Reno ended the year with its driest December in nearly 130 years after the month ended without any precipitation, the National Weather Service reported Sunday.

"You can't get any drier than what we had in December," said forecaster Kat Hohmann, adding the last time this happened was 1883.

The dry weather coincided with a string of record high temperatures reported around the region in recent weeks. Most recently, the Reno daytime high of 63 degrees broke a record for the date set in 1937.

A similar weather pattern has hit Tahoe and other places across the West.

Tahoe City, Cailf., on Tahoe's northwest shore, got only a trace of precipitation in December, well below the 11.4 inches it received a year ago en route to one of the snowiest winters in decades in the Sierra Nevada.

Tahoe City's 3.72 inches of precipitation over the quarter ending Saturday marked the eighth-driest such period there since 1903. Overall, the Tahoe basin's snowpack on Sunday stood at 31 percent of average for the date.

The unseasonable weather has meant brisk business and one of the longest seasons ever at the nearby Old Brockway Golf Club on Tahoe's north shore.

Dave Laurie, superintendent of the Kings Beach, Calif., course, said it usually closes by early November and this is the first year it has remained open through the Christmas holidays in his 20 years there.

"Our motto is 'The skiing may suck but the golfing is great,'" he told The Associated Press on Sunday. "For a golf course to still be open Christmas (at Tahoe) is unheard of.
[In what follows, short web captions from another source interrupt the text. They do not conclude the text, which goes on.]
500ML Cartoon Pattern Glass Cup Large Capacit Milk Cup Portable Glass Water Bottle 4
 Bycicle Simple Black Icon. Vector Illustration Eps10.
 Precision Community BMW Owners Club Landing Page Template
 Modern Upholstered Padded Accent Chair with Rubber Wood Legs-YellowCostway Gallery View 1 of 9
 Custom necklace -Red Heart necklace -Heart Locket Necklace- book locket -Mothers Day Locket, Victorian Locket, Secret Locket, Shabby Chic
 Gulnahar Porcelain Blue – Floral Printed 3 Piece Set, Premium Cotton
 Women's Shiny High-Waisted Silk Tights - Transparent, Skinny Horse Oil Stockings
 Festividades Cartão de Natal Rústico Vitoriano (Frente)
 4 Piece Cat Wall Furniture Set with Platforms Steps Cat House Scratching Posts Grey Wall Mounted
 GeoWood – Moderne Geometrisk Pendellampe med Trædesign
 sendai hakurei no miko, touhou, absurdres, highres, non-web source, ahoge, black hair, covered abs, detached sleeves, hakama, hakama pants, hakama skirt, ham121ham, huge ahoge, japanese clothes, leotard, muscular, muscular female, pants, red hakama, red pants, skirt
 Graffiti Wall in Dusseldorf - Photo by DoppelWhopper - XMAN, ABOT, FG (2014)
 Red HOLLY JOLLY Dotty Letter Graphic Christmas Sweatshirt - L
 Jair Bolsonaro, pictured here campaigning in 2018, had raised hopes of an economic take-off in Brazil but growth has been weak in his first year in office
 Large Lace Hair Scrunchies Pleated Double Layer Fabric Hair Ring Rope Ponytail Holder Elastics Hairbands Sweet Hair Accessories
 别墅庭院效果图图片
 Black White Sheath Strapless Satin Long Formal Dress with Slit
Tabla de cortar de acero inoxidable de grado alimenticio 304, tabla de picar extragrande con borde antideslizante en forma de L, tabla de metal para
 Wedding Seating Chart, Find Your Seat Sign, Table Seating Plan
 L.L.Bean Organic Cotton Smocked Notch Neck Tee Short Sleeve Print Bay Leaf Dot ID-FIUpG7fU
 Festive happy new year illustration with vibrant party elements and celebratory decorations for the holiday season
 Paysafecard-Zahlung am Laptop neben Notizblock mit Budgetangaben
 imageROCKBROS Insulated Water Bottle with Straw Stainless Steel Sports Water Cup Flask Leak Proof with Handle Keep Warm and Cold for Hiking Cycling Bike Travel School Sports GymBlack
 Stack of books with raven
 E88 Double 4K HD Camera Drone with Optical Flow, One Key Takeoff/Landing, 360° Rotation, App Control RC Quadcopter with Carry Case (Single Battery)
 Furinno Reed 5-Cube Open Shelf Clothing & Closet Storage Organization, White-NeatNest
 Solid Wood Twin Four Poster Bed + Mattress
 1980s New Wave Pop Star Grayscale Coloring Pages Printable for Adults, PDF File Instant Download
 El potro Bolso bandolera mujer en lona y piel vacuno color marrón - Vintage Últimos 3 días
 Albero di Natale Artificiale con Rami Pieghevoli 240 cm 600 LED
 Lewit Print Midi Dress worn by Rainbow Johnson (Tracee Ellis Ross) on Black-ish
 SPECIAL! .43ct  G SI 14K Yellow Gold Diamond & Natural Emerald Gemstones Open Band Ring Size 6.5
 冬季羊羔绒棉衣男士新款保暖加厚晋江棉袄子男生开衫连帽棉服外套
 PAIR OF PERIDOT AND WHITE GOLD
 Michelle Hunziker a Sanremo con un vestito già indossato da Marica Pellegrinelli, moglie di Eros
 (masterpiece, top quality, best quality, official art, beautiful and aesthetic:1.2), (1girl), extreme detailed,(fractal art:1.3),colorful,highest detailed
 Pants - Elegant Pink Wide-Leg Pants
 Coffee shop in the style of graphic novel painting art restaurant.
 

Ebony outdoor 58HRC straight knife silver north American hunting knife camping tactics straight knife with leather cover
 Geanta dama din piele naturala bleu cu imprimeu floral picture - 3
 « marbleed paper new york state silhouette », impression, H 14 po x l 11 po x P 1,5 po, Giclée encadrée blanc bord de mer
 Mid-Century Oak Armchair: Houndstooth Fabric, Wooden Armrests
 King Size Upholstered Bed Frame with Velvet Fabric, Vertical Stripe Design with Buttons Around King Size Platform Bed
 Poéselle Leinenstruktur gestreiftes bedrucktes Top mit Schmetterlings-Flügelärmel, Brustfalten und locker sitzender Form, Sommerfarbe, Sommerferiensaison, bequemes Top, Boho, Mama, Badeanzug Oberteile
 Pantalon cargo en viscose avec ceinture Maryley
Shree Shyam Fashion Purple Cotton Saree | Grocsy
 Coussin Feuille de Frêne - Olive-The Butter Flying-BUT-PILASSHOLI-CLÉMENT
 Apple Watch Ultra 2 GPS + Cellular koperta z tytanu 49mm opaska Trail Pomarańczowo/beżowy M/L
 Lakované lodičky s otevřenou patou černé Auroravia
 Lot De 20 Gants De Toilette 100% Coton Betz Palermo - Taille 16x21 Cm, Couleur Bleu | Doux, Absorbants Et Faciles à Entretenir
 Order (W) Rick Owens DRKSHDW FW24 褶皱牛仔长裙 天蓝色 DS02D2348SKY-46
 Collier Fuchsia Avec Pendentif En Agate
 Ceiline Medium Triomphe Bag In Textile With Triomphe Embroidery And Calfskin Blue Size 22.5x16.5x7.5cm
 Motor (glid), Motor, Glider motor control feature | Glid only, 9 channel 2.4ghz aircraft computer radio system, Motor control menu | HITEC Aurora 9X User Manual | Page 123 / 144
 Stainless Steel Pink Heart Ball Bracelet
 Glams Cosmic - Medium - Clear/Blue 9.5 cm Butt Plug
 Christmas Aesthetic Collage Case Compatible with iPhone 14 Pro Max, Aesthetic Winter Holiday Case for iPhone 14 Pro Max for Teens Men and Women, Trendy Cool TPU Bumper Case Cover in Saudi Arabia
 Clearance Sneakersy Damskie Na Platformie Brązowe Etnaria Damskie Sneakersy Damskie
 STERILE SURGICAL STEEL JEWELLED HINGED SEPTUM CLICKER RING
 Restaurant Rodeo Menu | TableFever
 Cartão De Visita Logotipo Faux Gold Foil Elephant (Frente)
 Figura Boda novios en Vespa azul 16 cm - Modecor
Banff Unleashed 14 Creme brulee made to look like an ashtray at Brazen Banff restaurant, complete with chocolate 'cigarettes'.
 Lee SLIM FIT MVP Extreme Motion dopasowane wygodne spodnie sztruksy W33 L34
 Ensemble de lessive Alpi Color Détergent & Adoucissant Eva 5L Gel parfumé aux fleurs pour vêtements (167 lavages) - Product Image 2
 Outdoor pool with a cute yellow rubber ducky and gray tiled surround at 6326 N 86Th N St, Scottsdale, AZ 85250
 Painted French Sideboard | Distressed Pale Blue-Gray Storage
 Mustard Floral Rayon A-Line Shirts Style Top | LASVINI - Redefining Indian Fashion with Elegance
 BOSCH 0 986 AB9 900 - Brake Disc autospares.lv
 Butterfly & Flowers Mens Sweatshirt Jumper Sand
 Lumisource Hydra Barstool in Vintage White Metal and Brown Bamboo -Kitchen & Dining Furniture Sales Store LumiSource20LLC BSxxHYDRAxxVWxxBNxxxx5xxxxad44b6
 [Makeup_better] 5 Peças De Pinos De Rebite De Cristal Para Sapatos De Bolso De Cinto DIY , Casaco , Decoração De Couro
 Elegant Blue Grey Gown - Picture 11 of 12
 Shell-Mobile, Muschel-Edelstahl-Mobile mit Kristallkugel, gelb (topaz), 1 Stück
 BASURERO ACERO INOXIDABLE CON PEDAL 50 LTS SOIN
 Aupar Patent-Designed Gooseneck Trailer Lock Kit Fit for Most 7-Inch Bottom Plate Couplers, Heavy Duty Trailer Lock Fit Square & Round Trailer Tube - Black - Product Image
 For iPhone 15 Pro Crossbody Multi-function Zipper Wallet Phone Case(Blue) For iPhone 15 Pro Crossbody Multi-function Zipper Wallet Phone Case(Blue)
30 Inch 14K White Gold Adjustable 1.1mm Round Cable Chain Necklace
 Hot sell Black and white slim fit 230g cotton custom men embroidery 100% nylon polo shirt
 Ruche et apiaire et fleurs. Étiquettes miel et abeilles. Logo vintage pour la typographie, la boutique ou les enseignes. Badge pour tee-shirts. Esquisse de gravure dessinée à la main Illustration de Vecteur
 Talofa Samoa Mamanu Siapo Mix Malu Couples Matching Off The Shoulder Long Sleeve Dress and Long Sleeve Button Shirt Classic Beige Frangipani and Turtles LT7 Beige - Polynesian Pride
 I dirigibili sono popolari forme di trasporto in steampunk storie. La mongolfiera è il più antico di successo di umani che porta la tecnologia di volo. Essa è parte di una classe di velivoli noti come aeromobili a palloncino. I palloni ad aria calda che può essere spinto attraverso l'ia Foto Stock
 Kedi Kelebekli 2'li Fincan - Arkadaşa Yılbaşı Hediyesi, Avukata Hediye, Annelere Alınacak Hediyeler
We're really busy."

The lack of snow prompted the West Shore Cafe & Inn, located next to Homewood Mountain Resort on Tahoe's west shore, to send out emails to the media last week trumpeting activities other than skiing and snowboarding.

"Lake Tahoe is not letting its lack of snowfall impact the fun this winter," spokeswoman Nicole Kraft wrote in the email. "Locals and vacationers alike are taking advantage of some of the best hiking trails, golf courses and dining that California has to offer."

Among other non-skiing attractions, she mentioned Tahoe City's boutiques and art galleries, hiking trails at D.L. Bliss and Sugar Pine Point state parks, and ice skating at Eagle Lake above Emerald Bay.

Most Sierra ski resorts had to rely on snow-making machines to get through what is typically a busy holiday season.

Farther to the south, a steady stream of December storms gave resorts in southern Nevada, Southern California and New Mexico some of the best early conditions in the country.

Las Vegas Ski & Snowboard Resort on Mountain Charleston, about 30 miles northwest of Las Vegas, had a 40-inch base - deeper than every resort in Utah at one point last week.

As for the Reno-Tahoe area, National Weather Service forecasters don't foresee an end to the unseasonably dry, warm weather until at least mid-January.

"I think we're still looking for a pattern change in mid to late January, so that hopefully will lend itself to some storms," forecaster Edan Lindaman said Sunday. "The models are leaning toward a pattern change in the long term."